*** Begin section ***
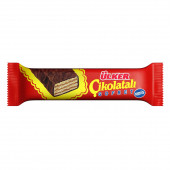 Ülker Çikolatalı Gofret 36 x 36 G kutu - 1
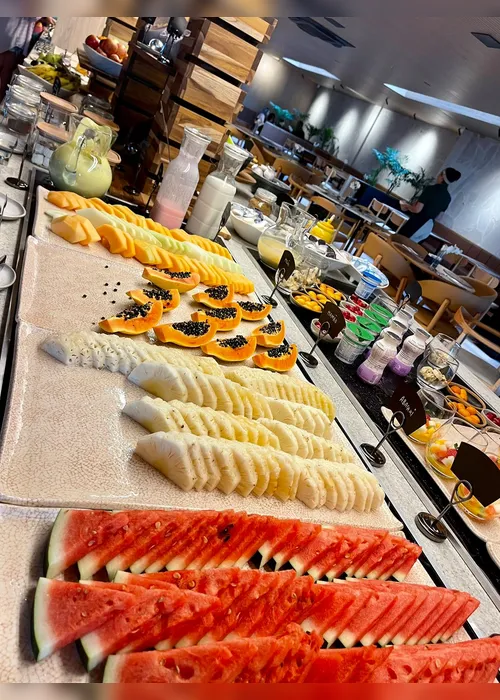 
				Sais Hotel inaugura em Maceió com um delicioso café da manhã regional
			
			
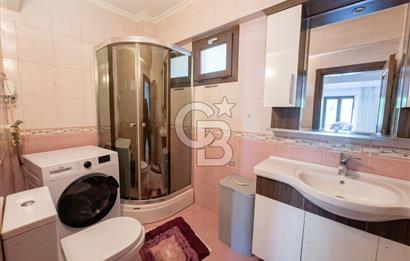 Kemalpaşa'da Satılık Müstakil Havuzlu Doğalgazlı Villa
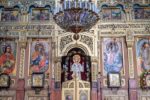 Russisch-Orthodoxe Kirche innen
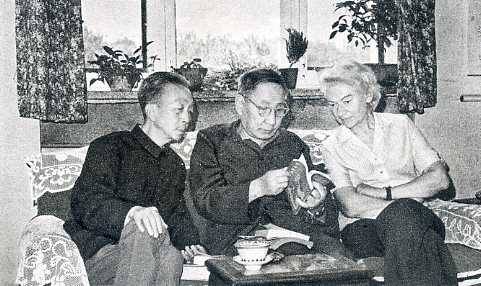 中华人民共和国大事记(1979年)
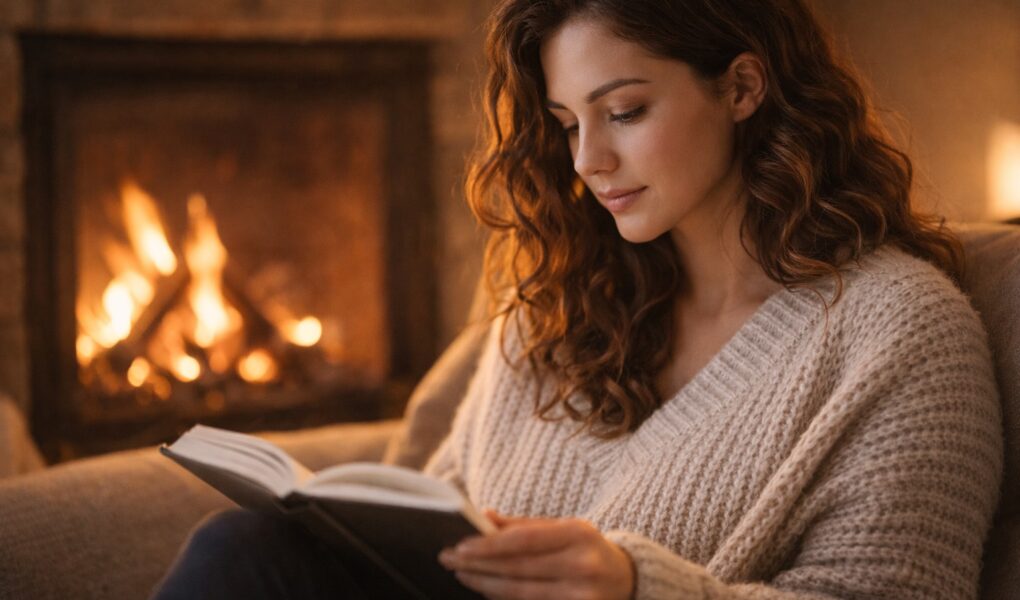 Frisuren für welliges Haar ohne Hitze entdecken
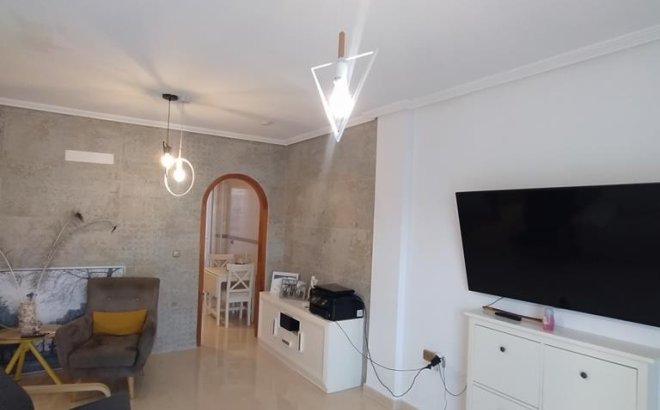 Revente - Appartement -
Orihuela Costa - LOMAS CABO ROIG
*** End section ***
Each record above must be set down again unchanged, with its pictures left out.

 Ülker Çikolatalı Gofret 36 x 36 G kutu - 1
				Sais Hotel inaugura em Maceió com um delicioso café da manhã regional
			
			
 Kemalpaşa'da Satılık Müstakil Havuzlu Doğalgazlı Villa
 Russisch-Orthodoxe Kirche innen
 中华人民共和国大事记(1979年)
 Frisuren für welliges Haar ohne Hitze entdecken
 Revente - Appartement -
Orihuela Costa - LOMAS CABO ROIG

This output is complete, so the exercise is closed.